Media sosial pun ramai dengan tagar #BebaskanSeni dan #JokowiWajahNegara, yang mencerminkan kekecewaan publik terhadap pembredelan ini. Beberapa pengamat politik bahkan mengaitkannya dengan ketegangan jelang pemilu 2024, di mana mantan presiden masih dianggap sebagai figur sentral yang memengaruhi konstelasi politik.
Bagaimana Nasib Pameran dan Pesan yang Tersampaikan?

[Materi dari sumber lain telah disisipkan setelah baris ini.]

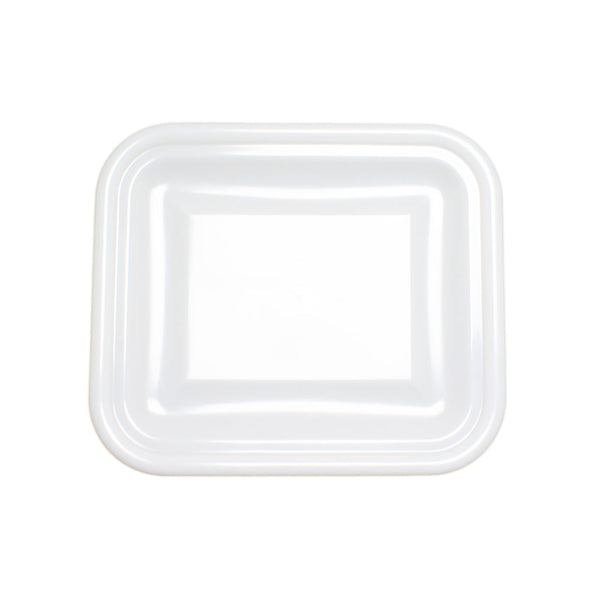 Thunder Group PLBTC002W 14-7/8" x 12-1/2" Polyethylene Bus Box Lid White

Yos Suprapto kini berencana memindahkan karyanya ke galeri lokal sebagai alternatif. Menariknya, di tengah kontroversi ini, 1-2 karyanya justru laku terjual kepada kolektor seni, menegaskan bahwa pesan seni tetap menemukan jalannya. "Ini adalah cerminan dari apa yang saya gambarkan dalam karya-karya saya: kekuasaan yang takut terhadap kritik. Jika mereka ingin membungkam seni, maka seni akan mencari jalannya sendiri," pungkasnya.

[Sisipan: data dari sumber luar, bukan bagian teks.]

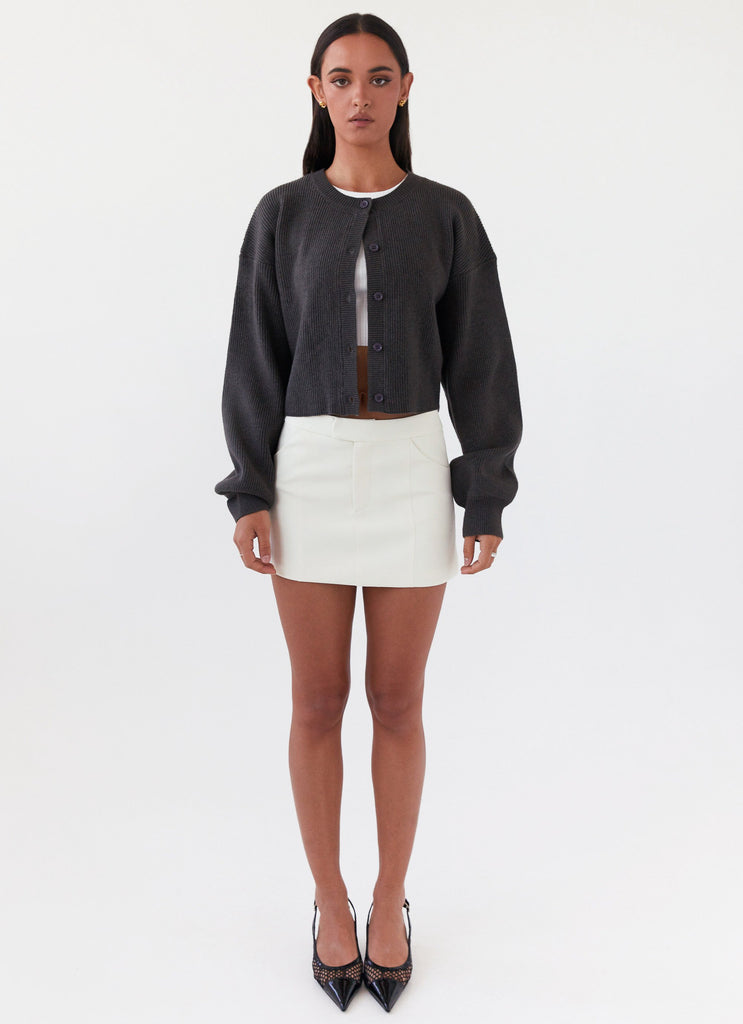 Peppermayo Peppermayo Exclusive - Daphne Knit Cardigan - Charcoal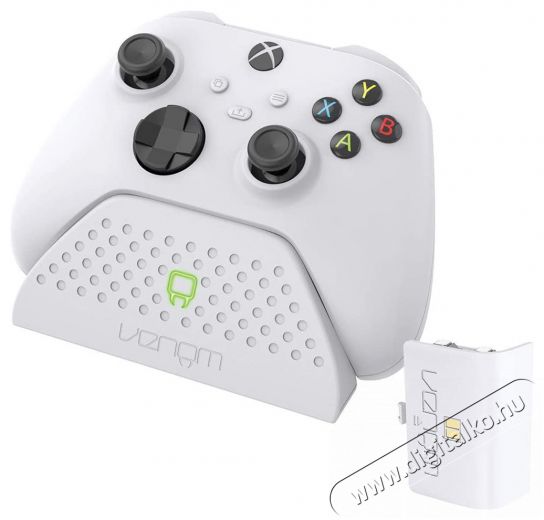 Venom VS2870 Xbox Series X & S fehér töltőállomás + 1 db akkumulátor Iroda és számítástechnika - Játék konzol - Kiegészítő - 394390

Kejadian ini sekali lagi membuktikan bahwa seni tidak pernah sekadar tentang estetika. Ia adalah medium perlawanan, ruang dialog, dan cermin bagi bangsa. Pembredelan ini mungkin telah menutup ruang fisik pameran, tetapi justru membuka ruang diskusi yang lebih besar: sejauh mana negara ini mampu menerima kritik sebagai bagian dari proses demokrasi?
Kesimpulan
Pembredelan pameran Yos Suprapto bukan hanya persoalan seni, tetapi juga alarm keras tentang arah kebebasan berekspresi di Indonesia. Di tengah bayang-bayang otoritarianisme yang terus menghantui, seni tetaplah nyala kecil yang mengingatkan kita akan pentingnya bertanya, mengkritik, dan melawan. Pertanyaannya sekarang: apakah kita siap mempertahankan nyala itu?